**How to complete this task:** Retype, exactly and with nothing added, the lines from the one showing "I almost said" through the final line of the material. Omit pictures.

BEGIN Available data

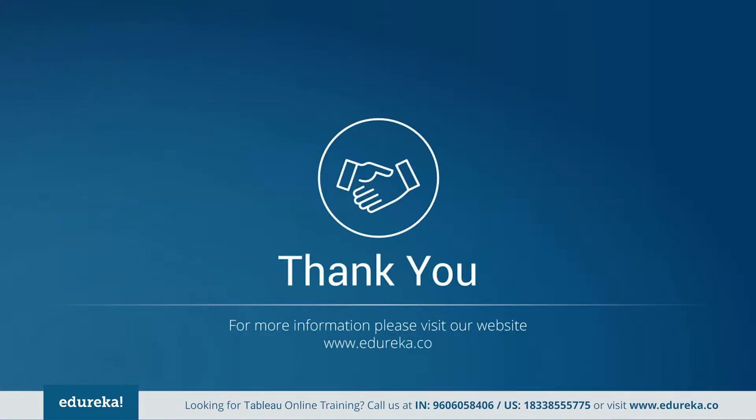So go ahead and get started with Tableau. Don't just learn it — master it with Edureka.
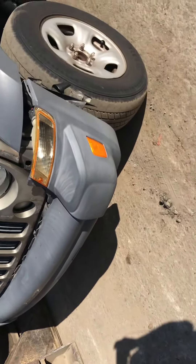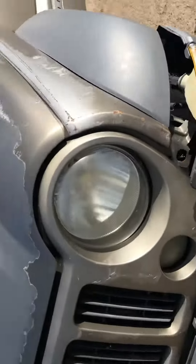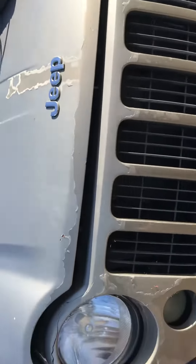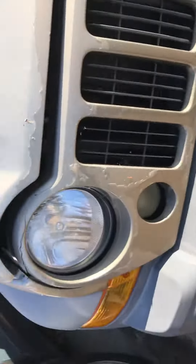2005 Jeep Liberty. Car has some strikes on the front bumper. Better panel, less crap. Paint is chipping off, some rust.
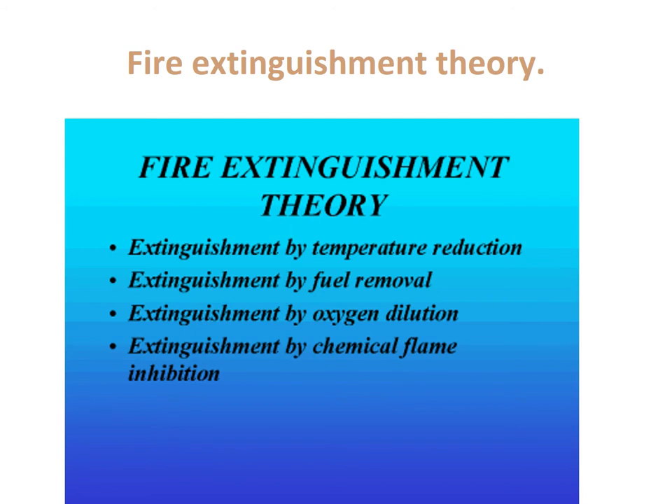Fire extinguishment theory. From the fire tetrahedron or triangle, if we can take the heat out, stop oxygen, remove the fuel, or physically attack the chemical chain reaction, we can immediately extinguish the fire. For temperature reduction, the most readily available thing is water. Water, when it hits something burning, physically cools the burning surface, and that heat reduction helps extinguish the fire.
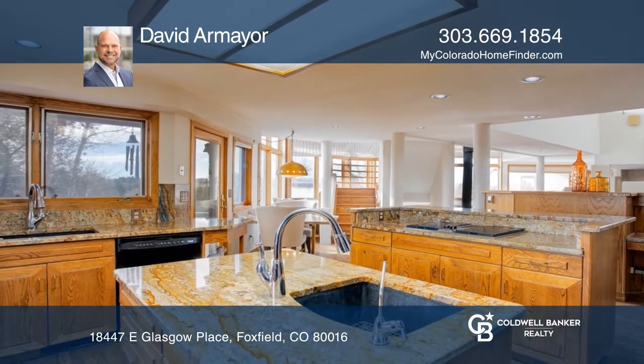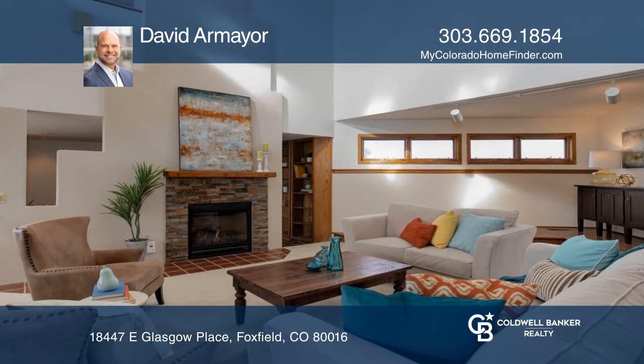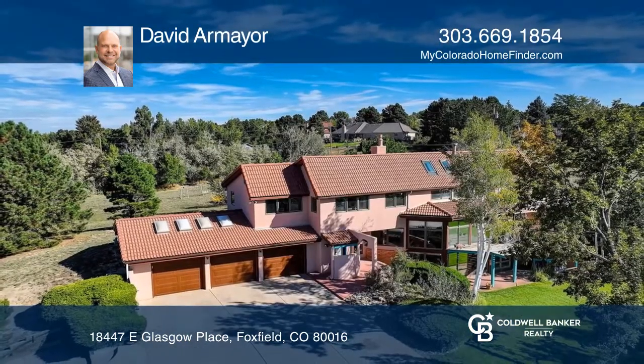Complete with a library, three fireplaces, a three-car garage, a finished basement, and new carpet and paint. For a private tour, call David Armayor.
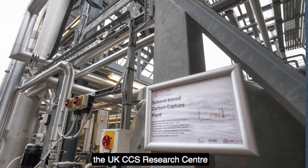Welcome to PACT, which is located here at the University of Sheffield's Beton facilities. My name is Bruce Adderley and I'm the Executive Manager of the UKCCS Research Centre, under the auspices of which PACT was originated in 2012.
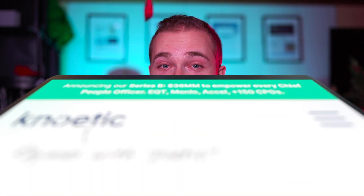I almost said no to the project. Super excited to share this website project with you. Let's go back to August 20th, 2021.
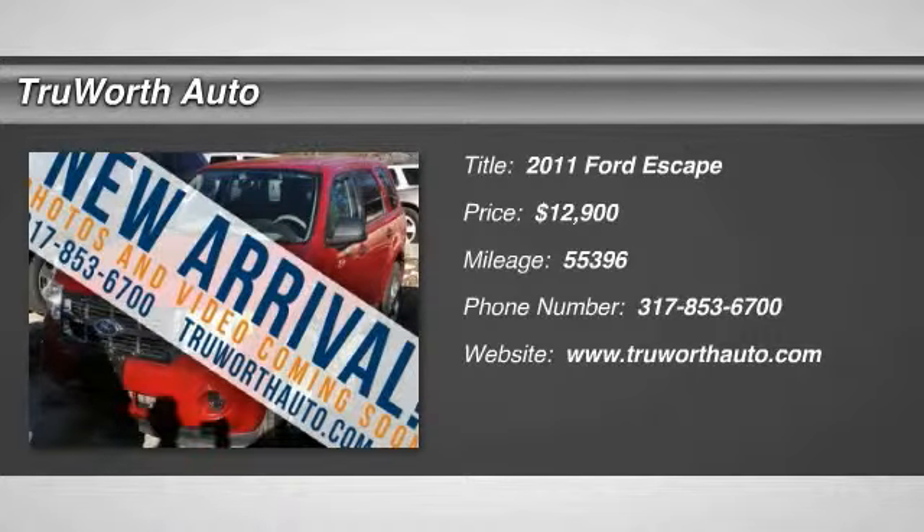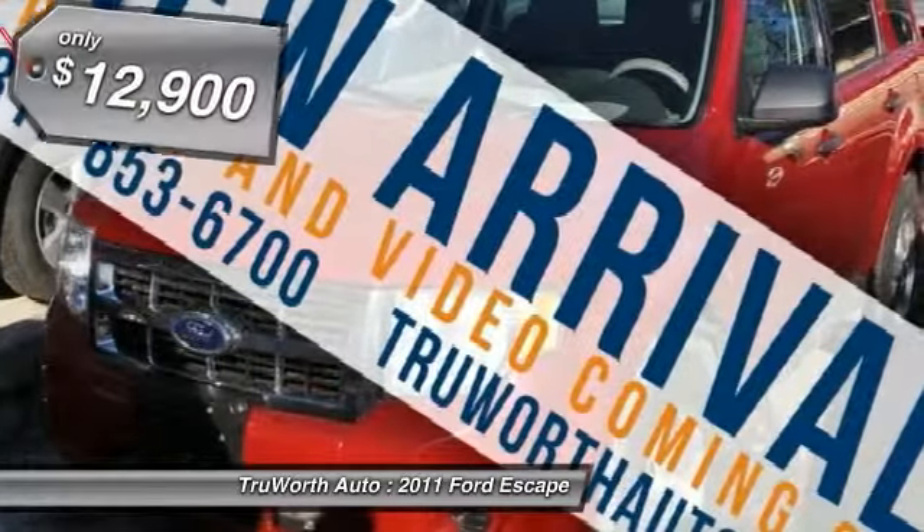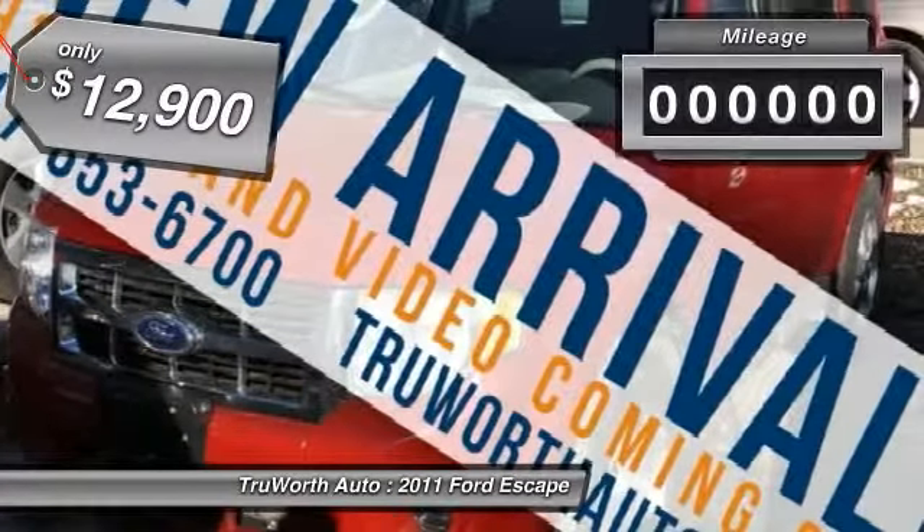The 2011 Escape. Gas engines flex, tow, sip, and go with Ford Escape, and is priced below $15,000.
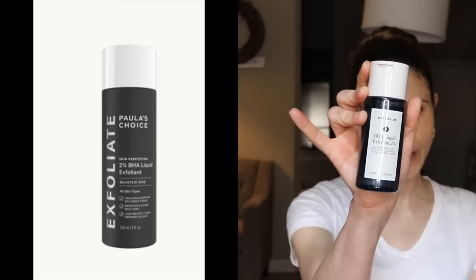Product number six is the BHA liquid exfoliant 2%. Look familiar? It looks an awful lot like the Paula's Choice 2% BHA liquid exfoliant — they just moved the 2% to the back of the label. Whether that avoids copyright infringement I don't know.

END Available data

**Expected answer:**
I almost said no to the project. Super excited to share this website project with you. Let's go back to August 20th, 2021.
The 2011 Escape. Gas engines flex, tow, sip, and go with Ford Escape, and is priced below $15,000.
Product number six is the BHA liquid exfoliant 2%. Look familiar? It looks an awful lot like the Paula's Choice 2% BHA liquid exfoliant — they just moved the 2% to the back of the label. Whether that avoids copyright infringement I don't know.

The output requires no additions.